Light-emitting diode

An LED is a special semiconductor which emits light when current is passed through it. There are many different physical styles. The emitted color spectrum is usually very narrow. It can generally be specified as a specific wavelength in the electromagnetic spectrum. The emitted color selection is somewhat limited. The most commonly available colors are red, green, amber, yellow, blue and white. The red, green, yellow and amber have a working voltage of approximately 1.8 volts. You can refer to the data sheet for each LED to find the exact value. The actual working voltage is determined by the breakdown voltage of the particular semiconductor material.

When using an LED in a circuit, the exact working voltage is not extremely important. The most important thing is the current flow through the LED. The current through the diode must be limited by a series resistor. An LED has a specified maximum continuous current rating. Most LEDs can pass 20 milliamps continuously without damage but it is not necessary to use the maximum rated current. An LED will light with much less current. The difference between high current and low current will be the brightness of the LED. To decide what resistor value is needed, you subtract the working (forward) voltage from the power supply voltage and divide that number by the desired current flow.

Working voltage (Vf)=1.8 volts

Desired current flow=15ma (.015 amps)

Power supply voltage=12 volts

12-1.8=10.2

10.2/.015=680 ohms

A light-emitting diode (LED) is an electronic light source. The LED was first invented in Russia in the 1920s, and introduced in America as a practical electronic component in 1962. Oleg Vladimirovich Losev was a radio technician who noticed that diodes used in radio receivers emitted light when current was passed through them.
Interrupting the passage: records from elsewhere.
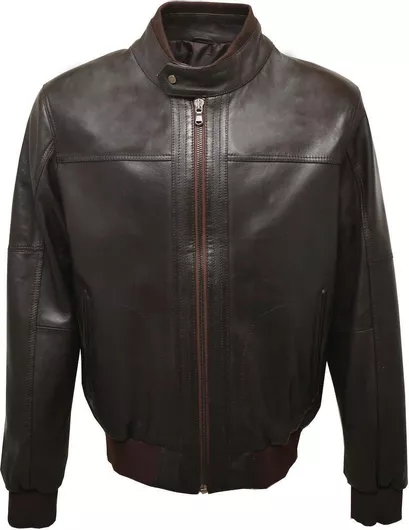 Ανδρικό Δερμάτινο Μπουφάν 100% Δέρμα Χειμωνιάτικο Σκούρο Καφέ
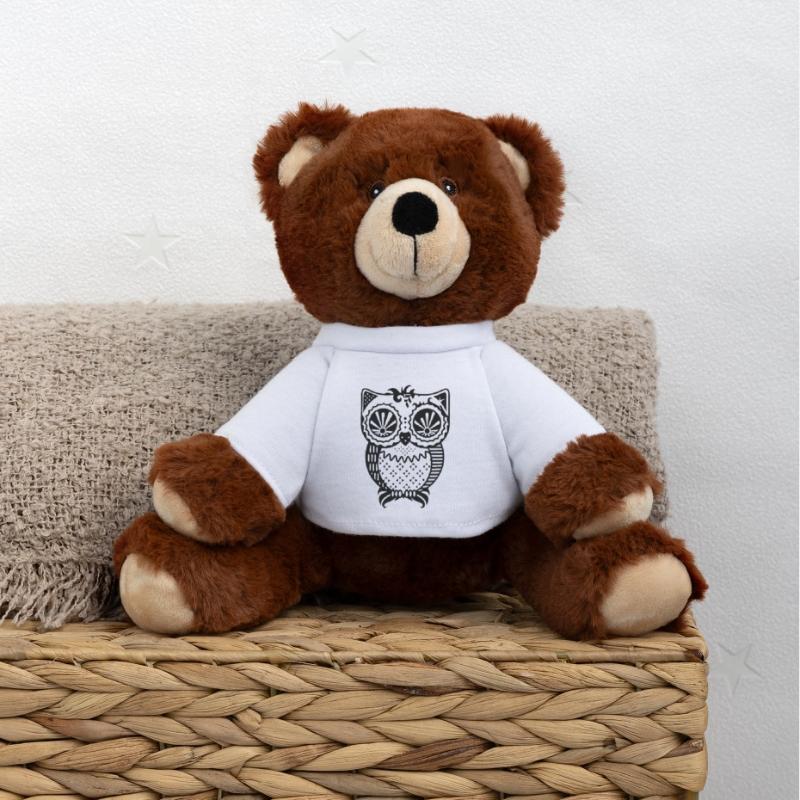 Patchwork Eule MiniFeet® RecycelBär® Braun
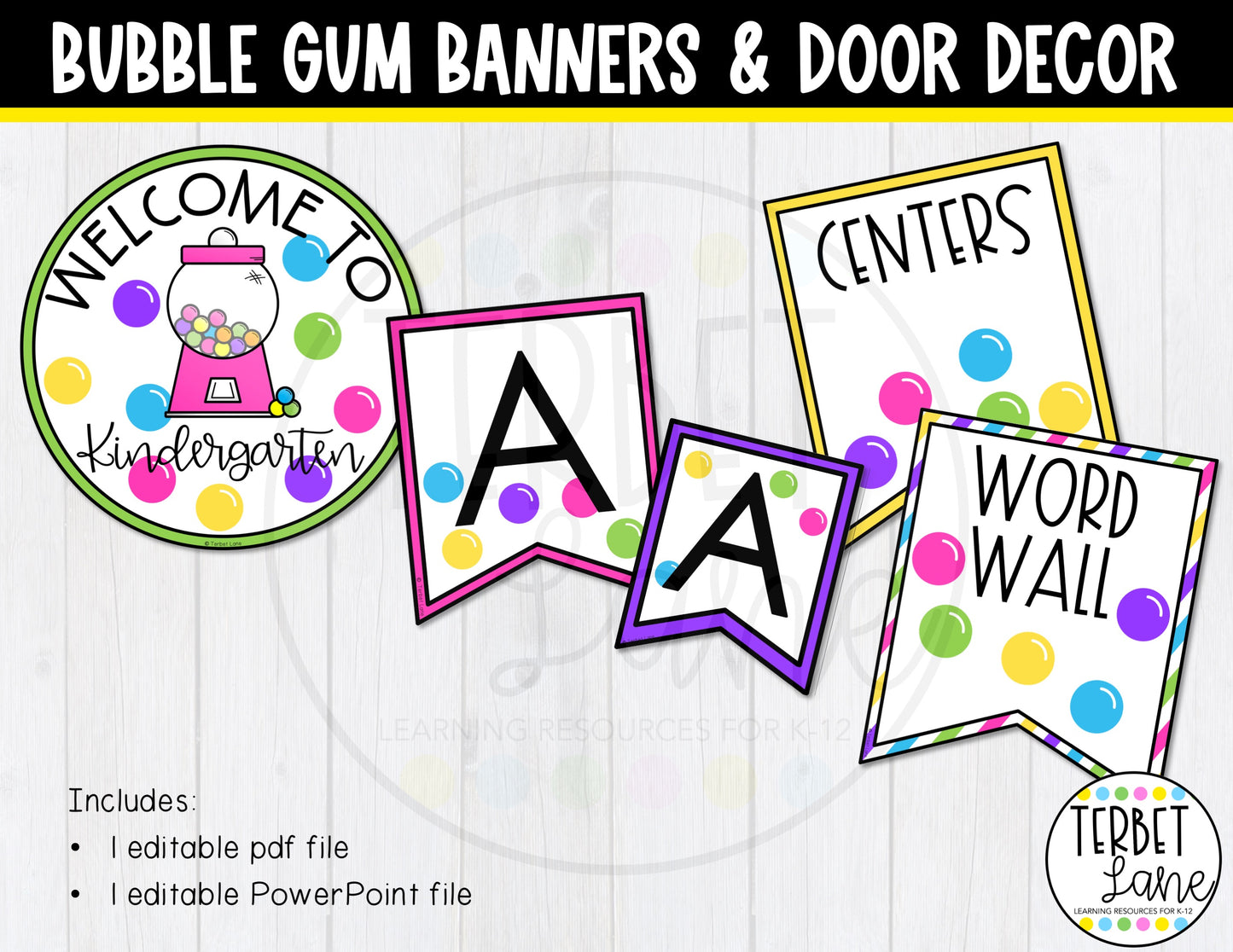 Bubble Gum Bulletin Board Letters | Editable Door Decor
In 1927, he published details in a Russian journal of the first ever LED.

All early devices emitted low-intensity red light, but modern LEDs are available across the visible, ultraviolet and infra red wavelengths, with very high brightness.
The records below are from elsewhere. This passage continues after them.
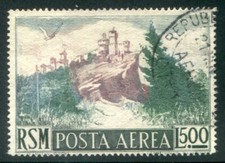 1950 San Marino Posta Aerea 500 lire vedute usaato spl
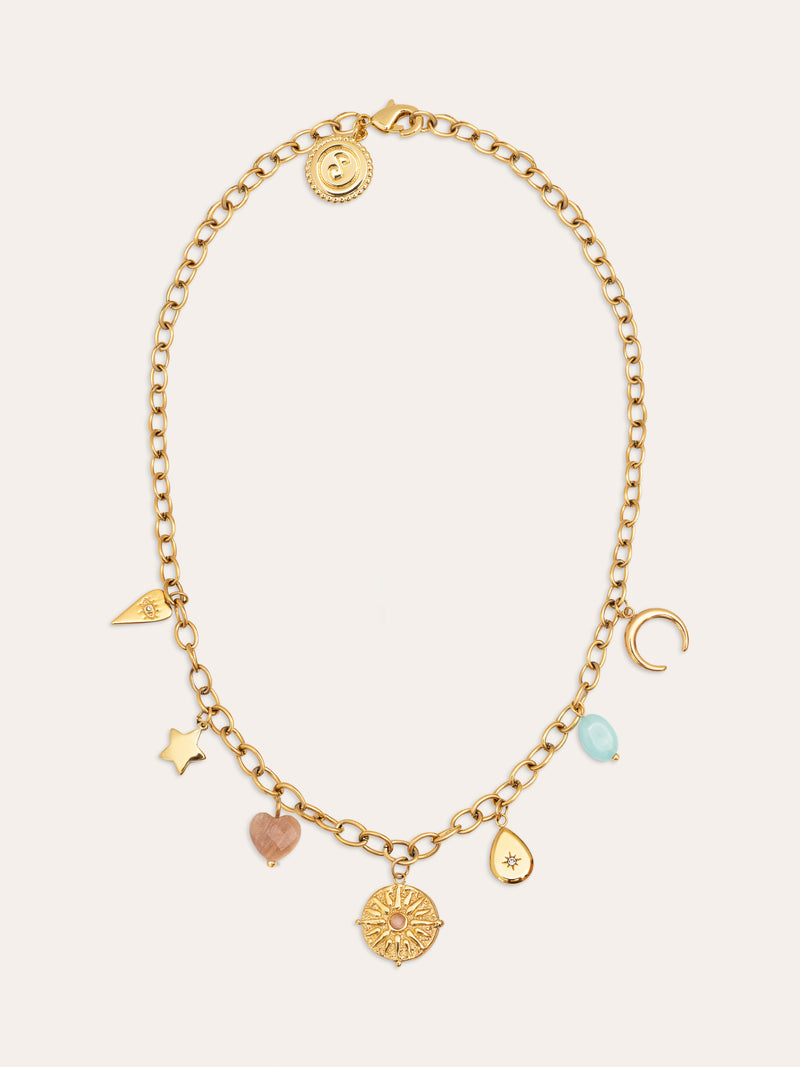 Multicharms Solei Sterling Silver Gold Necklace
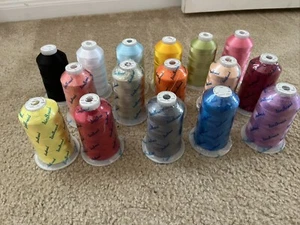Lot of 16 LARGE Cones Polyester Embroidery Machine Thread 40 WT. 5500yd/ea - Picture 1 of 3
LEDs are based on the semiconductor diode. When the diode is forward biased (switched on), electrons are able to recombine with holes and energy is released in the form of light. This effect is called electroluminescence and the color of the light is determined by the energy gap of the semiconductor. The LED is usually small in area (less than 1 mm²) with integrated optical components to shape its radiation pattern and assist in reflection.
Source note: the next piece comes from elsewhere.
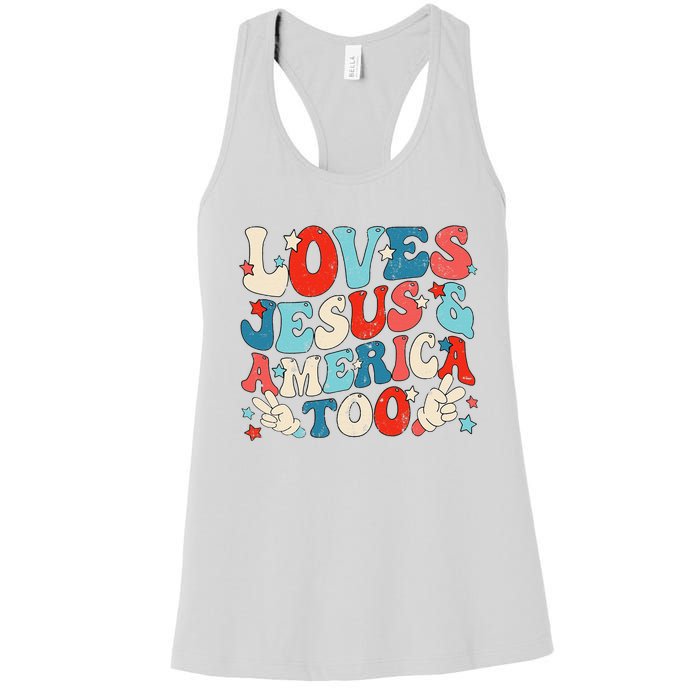 Loves Jesus and America Too Groovy 4th of July God Christian Women's Racerback Tank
LEDs present many advantages over traditional light sources including lower energy consumption, longer lifetime, improved robustness, smaller size and faster switching. However, they are relatively expensive and require more precise current and heat management than traditional light sources.

Applications of LEDs are diverse. They are used as low-energy indicators but also for replacements for traditional light sources in general lighting and automotive lighting. The compact size of LEDs has allowed new text and video displays and sensors to be developed, while their high switching rates are useful in communications technology.